• [WHAT TO WORK ON]: The expected answer is the set of lines in the data below between the line holding "unknow artist Floral, beautiful" and the line holding "ikuhashi muiko, kiryuu", inclusive, written out exactly.

• [DATASET]:
*** Block opens ***
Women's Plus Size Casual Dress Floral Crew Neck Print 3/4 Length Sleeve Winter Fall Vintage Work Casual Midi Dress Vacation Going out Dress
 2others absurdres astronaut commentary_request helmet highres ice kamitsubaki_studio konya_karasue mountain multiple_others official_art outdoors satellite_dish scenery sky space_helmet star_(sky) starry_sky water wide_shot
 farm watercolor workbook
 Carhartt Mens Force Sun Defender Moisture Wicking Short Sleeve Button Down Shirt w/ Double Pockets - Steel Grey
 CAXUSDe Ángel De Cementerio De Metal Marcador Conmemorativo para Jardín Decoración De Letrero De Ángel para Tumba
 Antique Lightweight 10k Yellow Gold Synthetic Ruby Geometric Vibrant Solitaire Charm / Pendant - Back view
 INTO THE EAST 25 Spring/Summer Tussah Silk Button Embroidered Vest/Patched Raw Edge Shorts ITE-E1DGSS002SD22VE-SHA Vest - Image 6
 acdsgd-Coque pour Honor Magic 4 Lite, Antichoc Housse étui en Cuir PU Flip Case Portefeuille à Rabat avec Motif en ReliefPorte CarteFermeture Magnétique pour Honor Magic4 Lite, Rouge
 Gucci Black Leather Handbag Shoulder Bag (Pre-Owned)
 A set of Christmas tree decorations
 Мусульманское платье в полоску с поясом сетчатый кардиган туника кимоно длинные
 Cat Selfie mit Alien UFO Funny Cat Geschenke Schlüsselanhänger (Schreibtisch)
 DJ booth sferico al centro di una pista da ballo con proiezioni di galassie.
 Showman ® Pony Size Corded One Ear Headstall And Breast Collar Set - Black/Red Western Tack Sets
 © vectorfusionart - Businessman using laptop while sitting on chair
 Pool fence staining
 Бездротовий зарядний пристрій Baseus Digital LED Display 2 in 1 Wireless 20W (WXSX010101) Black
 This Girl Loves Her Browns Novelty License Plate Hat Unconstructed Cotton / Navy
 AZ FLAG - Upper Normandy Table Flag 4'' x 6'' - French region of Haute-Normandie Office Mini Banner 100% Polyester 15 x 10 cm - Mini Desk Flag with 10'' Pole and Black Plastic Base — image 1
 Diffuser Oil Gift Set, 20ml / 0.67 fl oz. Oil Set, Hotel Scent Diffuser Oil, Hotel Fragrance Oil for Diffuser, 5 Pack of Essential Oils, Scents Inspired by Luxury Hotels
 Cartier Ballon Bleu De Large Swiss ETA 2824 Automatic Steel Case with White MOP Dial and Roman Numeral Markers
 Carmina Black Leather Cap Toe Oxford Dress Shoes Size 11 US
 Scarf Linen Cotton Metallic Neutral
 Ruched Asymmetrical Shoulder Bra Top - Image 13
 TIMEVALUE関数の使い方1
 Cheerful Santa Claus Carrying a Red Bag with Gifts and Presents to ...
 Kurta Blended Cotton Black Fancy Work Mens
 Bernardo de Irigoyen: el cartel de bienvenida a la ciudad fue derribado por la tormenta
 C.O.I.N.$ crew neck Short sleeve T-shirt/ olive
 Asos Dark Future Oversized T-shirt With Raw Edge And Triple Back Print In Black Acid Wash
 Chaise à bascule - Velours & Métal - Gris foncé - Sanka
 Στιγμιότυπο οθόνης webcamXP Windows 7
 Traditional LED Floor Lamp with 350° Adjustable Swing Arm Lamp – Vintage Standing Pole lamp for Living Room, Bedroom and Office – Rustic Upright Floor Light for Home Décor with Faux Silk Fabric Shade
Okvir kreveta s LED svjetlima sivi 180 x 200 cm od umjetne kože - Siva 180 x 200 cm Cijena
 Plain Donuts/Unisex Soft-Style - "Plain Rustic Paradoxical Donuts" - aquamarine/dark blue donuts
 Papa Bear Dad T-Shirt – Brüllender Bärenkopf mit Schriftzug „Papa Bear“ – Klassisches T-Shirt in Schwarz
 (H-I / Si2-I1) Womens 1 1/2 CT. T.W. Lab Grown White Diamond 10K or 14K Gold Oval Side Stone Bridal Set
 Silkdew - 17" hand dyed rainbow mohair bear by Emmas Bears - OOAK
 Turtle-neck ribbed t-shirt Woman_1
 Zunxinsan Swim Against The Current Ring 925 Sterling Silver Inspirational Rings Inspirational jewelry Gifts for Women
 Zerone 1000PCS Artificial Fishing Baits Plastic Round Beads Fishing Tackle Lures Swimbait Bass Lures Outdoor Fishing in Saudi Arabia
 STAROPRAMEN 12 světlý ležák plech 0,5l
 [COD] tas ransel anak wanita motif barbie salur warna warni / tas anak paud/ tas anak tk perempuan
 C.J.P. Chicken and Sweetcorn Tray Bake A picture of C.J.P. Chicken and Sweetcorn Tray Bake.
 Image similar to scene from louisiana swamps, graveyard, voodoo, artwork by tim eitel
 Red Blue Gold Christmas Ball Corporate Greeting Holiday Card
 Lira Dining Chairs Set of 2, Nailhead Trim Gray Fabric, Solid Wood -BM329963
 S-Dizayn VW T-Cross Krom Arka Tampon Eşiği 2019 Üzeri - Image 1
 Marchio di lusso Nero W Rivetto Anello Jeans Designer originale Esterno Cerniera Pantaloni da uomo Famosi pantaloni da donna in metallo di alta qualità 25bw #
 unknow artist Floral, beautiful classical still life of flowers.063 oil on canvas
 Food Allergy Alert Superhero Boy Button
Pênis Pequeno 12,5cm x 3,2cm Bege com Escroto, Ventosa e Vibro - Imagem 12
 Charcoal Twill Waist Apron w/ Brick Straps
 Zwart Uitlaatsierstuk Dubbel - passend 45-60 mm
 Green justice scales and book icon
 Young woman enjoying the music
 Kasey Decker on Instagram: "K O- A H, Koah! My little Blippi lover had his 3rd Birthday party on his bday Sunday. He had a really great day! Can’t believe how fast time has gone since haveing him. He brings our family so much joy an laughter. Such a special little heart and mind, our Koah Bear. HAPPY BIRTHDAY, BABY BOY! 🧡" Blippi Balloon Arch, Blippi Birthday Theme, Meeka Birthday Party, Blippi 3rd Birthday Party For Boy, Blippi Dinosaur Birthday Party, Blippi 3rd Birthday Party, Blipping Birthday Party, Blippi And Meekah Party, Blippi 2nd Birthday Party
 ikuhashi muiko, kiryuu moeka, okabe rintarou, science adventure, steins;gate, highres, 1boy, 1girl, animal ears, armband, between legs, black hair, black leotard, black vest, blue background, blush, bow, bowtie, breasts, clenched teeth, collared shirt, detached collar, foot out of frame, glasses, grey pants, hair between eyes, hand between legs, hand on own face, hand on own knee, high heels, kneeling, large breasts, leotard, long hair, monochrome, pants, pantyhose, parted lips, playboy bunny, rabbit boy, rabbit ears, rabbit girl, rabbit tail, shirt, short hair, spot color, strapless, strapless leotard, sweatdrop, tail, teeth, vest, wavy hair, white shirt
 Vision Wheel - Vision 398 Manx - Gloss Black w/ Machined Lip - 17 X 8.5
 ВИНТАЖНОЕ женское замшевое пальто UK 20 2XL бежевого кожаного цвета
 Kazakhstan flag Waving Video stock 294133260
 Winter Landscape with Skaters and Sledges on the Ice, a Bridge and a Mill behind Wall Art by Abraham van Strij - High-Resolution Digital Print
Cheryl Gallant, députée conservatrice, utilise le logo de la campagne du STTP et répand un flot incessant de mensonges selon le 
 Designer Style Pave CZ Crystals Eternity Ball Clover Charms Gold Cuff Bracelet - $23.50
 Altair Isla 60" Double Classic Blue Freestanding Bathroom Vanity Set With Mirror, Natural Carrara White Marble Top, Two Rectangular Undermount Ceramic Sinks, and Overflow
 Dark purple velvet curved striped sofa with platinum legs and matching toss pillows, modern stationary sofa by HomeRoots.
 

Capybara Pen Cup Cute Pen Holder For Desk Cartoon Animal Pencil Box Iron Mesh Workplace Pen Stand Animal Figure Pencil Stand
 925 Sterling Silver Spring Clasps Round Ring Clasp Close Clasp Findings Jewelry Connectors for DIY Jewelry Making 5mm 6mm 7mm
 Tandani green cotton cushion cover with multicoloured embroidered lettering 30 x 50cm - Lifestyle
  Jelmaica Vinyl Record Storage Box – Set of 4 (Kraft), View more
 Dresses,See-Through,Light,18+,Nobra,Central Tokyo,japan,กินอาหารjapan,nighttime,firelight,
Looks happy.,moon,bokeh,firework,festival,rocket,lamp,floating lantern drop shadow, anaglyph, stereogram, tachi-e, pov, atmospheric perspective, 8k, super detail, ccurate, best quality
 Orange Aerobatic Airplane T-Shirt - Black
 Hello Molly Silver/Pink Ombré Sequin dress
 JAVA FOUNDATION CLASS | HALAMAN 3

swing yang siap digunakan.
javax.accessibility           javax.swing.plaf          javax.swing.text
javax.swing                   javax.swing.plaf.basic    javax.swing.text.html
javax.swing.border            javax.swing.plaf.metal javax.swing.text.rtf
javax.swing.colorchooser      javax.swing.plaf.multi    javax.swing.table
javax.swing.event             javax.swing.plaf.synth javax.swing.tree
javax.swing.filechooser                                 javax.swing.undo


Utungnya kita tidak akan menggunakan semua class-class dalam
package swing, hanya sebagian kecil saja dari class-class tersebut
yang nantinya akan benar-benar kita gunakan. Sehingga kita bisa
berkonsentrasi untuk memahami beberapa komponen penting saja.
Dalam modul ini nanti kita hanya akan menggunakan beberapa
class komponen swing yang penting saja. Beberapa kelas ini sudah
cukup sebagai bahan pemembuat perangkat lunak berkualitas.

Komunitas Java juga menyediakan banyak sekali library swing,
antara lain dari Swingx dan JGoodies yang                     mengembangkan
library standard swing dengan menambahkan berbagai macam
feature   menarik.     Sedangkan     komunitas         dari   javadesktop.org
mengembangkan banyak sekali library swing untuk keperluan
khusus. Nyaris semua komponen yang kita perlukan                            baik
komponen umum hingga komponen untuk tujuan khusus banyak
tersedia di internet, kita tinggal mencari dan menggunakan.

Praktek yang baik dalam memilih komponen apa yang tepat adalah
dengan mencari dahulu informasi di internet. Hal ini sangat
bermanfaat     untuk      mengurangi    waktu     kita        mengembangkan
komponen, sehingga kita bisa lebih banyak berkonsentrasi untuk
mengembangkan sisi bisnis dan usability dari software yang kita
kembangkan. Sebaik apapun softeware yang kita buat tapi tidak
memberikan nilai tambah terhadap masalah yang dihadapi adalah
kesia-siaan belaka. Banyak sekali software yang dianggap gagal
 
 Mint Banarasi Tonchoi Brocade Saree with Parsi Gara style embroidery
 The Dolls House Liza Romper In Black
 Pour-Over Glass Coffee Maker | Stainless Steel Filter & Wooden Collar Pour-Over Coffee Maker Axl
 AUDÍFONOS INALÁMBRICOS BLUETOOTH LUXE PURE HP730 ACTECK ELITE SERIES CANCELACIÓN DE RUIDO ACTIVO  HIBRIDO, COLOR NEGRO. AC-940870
*** Block closes ***
• [REPLY TO THE EXERCISE]:
 unknow artist Floral, beautiful classical still life of flowers.063 oil on canvas
 Food Allergy Alert Superhero Boy Button
Pênis Pequeno 12,5cm x 3,2cm Bege com Escroto, Ventosa e Vibro - Imagem 12
 Charcoal Twill Waist Apron w/ Brick Straps
 Zwart Uitlaatsierstuk Dubbel - passend 45-60 mm
 Green justice scales and book icon
 Young woman enjoying the music
 Kasey Decker on Instagram: "K O- A H, Koah! My little Blippi lover had his 3rd Birthday party on his bday Sunday. He had a really great day! Can’t believe how fast time has gone since haveing him. He brings our family so much joy an laughter. Such a special little heart and mind, our Koah Bear. HAPPY BIRTHDAY, BABY BOY! 🧡" Blippi Balloon Arch, Blippi Birthday Theme, Meeka Birthday Party, Blippi 3rd Birthday Party For Boy, Blippi Dinosaur Birthday Party, Blippi 3rd Birthday Party, Blipping Birthday Party, Blippi And Meekah Party, Blippi 2nd Birthday Party
 ikuhashi muiko, kiryuu moeka, okabe rintarou, science adventure, steins;gate, highres, 1boy, 1girl, animal ears, armband, between legs, black hair, black leotard, black vest, blue background, blush, bow, bowtie, breasts, clenched teeth, collared shirt, detached collar, foot out of frame, glasses, grey pants, hair between eyes, hand between legs, hand on own face, hand on own knee, high heels, kneeling, large breasts, leotard, long hair, monochrome, pants, pantyhose, parted lips, playboy bunny, rabbit boy, rabbit ears, rabbit girl, rabbit tail, shirt, short hair, spot color, strapless, strapless leotard, sweatdrop, tail, teeth, vest, wavy hair, white shirt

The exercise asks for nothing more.